# Assignment
Copy exactly the lines of the records below, starting at the line that contains "Lancer Tactical - 1000D" and continuing through the last line, both included; omit any pictures.

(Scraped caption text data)
.....

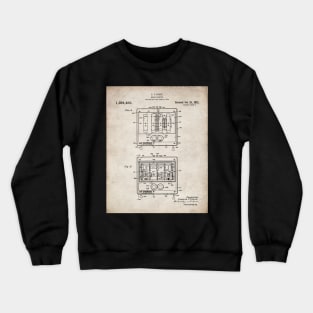 Toaster Patent - Baker Chef Kitchen Diner Decor Art - Antique Crewneck Sweatshirt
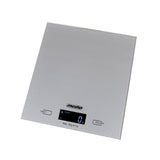 Báscula De Cocina Mesko Ms 3145, Capacidad 5 Kg, Pantalla Lcd Grande, Cero Autoapagado, Silvera
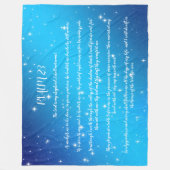 Couverture Polaire Prière Psaume 23 (Devant)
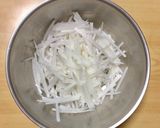 超簡単☆激うま！すりごま大根サラダ♪♪♪作り方1写真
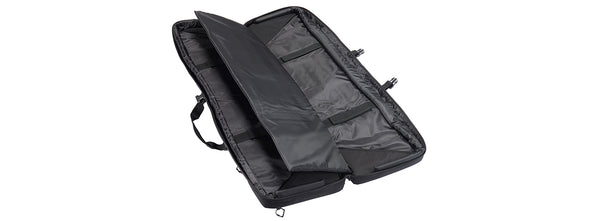 Lancer Tactical - 1000D Nylon 42" Double Rifle Bag - Black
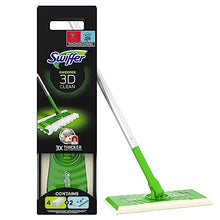 Carica l'immagine nel visualizzatore di Gallery, Swiffer Panni Catturapolvere, 1 Scopa 2 Panni Lavapavimenti e 4 Panni Dry 3D, Cattura e Blocca 3 Volte più Polvere, Sporco e Peli Rispetto a Swiffer Tradizionale, Ottimo per Tutti I Tipi di Pavimenti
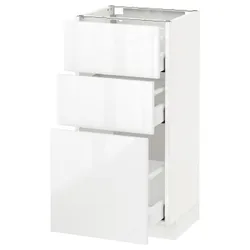 IKEA METOD / MAXIMERA (690.521.24) стоячий шкаф с 3 ящиками, белый / Рингхульт белый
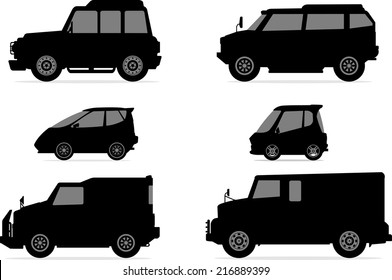 Vehicle Silhouette Set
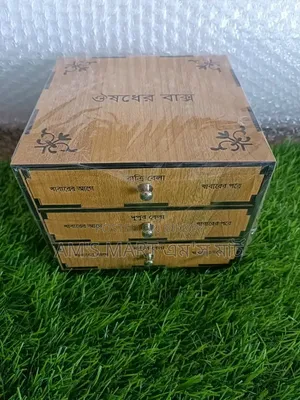 Medicine Box (Size-L) – Wooden Organizer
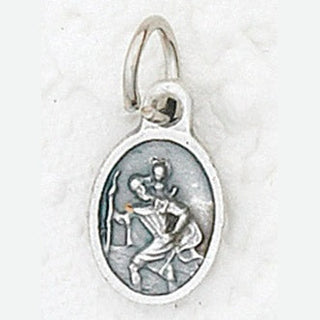 Bulk Saint Christopher Oval Bracelet Medals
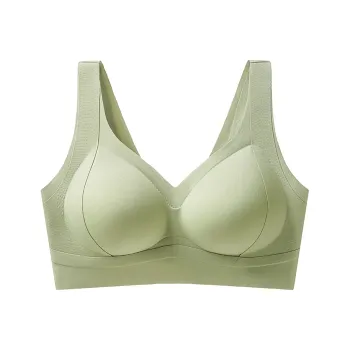 QIANLINGMEI Fixed Cup Gathering Small Bra Women's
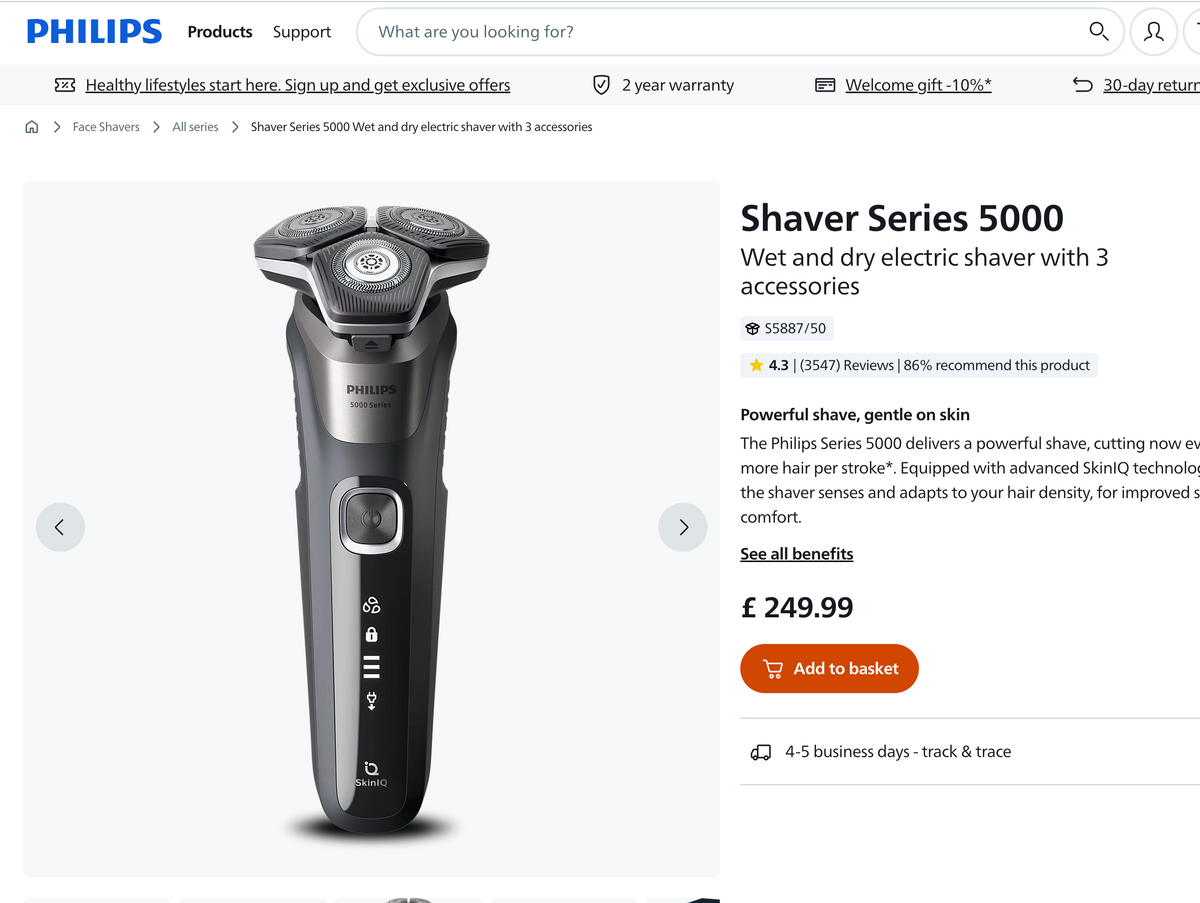 Philips Shaver Series 5000 Wet & Dry S5889/50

.....

# Your response
 Lancer Tactical - 1000D Nylon 42" Double Rifle Bag - Black
 Carica l'immagine nel visualizzatore di Gallery, Swiffer Panni Catturapolvere, 1 Scopa 2 Panni Lavapavimenti e 4 Panni Dry 3D, Cattura e Blocca 3 Volte più Polvere, Sporco e Peli Rispetto a Swiffer Tradizionale, Ottimo per Tutti I Tipi di Pavimenti
 IKEA METOD / MAXIMERA (690.521.24) стоячий шкаф с 3 ящиками, белый / Рингхульт белый
 Vehicle Silhouette Set
 Medicine Box (Size-L) – Wooden Organizer
 Bulk Saint Christopher Oval Bracelet Medals
 QIANLINGMEI Fixed Cup Gathering Small Bra Women's
 Philips Shaver Series 5000 Wet & Dry S5889/50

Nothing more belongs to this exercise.